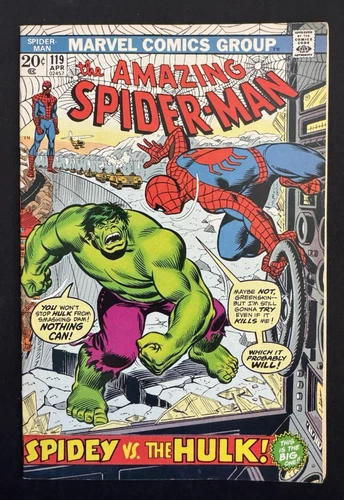 1973 the Amazing Spider-Man #119 VF+ condition
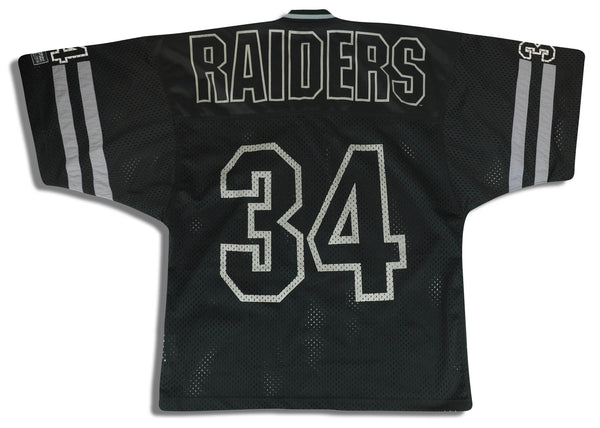 1991 LOS ANGELES RAIDERS #34 CAMPRI TEAMLINE JERSEY L - Classic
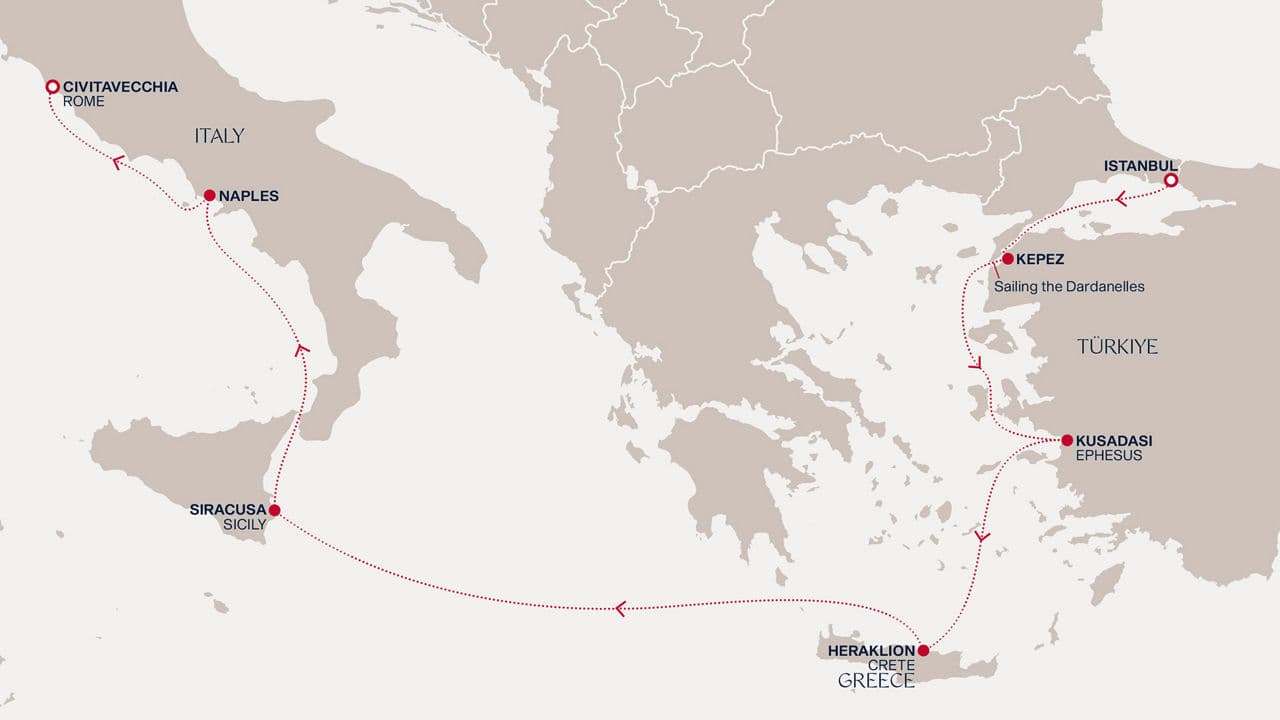 7 nights Mediterranean cruise on EXPLORA V 
from 🇹🇷 Istanbul to 🇮🇹 Civitavecchia 
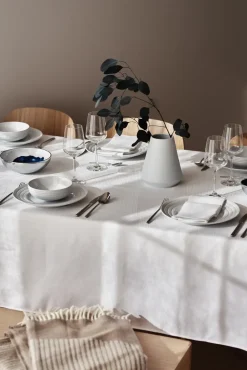 Geometric tafelkleed 147x250 cm, Wit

======

Problem statement
The data is to be printed again exactly, but without its pictures.

Answer for this exercise
 1973 the Amazing Spider-Man #119 VF+ condition
 1991 LOS ANGELES RAIDERS #34 CAMPRI TEAMLINE JERSEY L - Classic
 7 nights Mediterranean cruise on EXPLORA V 
from 🇹🇷 Istanbul to 🇮🇹 Civitavecchia 
 Geometric tafelkleed 147x250 cm, Wit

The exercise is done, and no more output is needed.